ホーチミン Ho Chi Minh ②
今朝は昨日に続いてホーチミンさんという人物について、その生涯を駆け足で見ていきたいと思います。
ウラジーミル・レーニンの『民族問題と植民地問題に関するテーゼ原案』に感銘を受けたホーは1920年12月、フランス共産党の結成に参加。
1923年にソビエト連邦へ渡り、コミンテルン第5回大会でアジア担当の常任委員に選出された。
その後、ホーは共産党員として中華民国の広東へ向かい、ベトナム青年革命同志会を創立。1930年にイギリス領香港でそれまでに組織されていた3つの共産主義組織の代表を集め、それらを統一したベトナム共産党(間もなくインドシナ共産党と改称)を創立。

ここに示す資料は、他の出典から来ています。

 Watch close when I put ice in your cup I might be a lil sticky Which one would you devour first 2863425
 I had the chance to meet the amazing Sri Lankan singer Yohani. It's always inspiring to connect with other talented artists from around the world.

論語や中国語を教育されていたホーチミンは40歳の時点で共産党内で頭角を現し、組織の代表を経験しています。
共産党を現代企業としたら、管理職に出世して共産党㈱アジア部ベトナム課の課長という感じでしょうか。
ここはホーチミンという人物のポイントと思われます。
ホーチミンは共産党をあくまで民族解放の為に共闘するビジネスパートナーと考えていて、政治思想や活動、思想教育から一歩距離を置いていたように見られます。
ホーチミン45歳、チャンスが来ます。
民族解放という方針が組織の方針と一致して、更にライバル達が脱落していく。共産党活動から離れていたからこそ好機が巡ってきたのかもしれません。
ここからは第二次世界大戦に入ります。
これまで以上に複雑な流れに翻弄されることになるホーチミン。
ドイツと大日本帝国が勢力を拡大。
香港、モスクワ、中国共産党などで活動していたホーチミンは1941年、中国雲南省から陸路でベトナムカオバン省へ国境を越え、30年振りに故郷へ帰ります。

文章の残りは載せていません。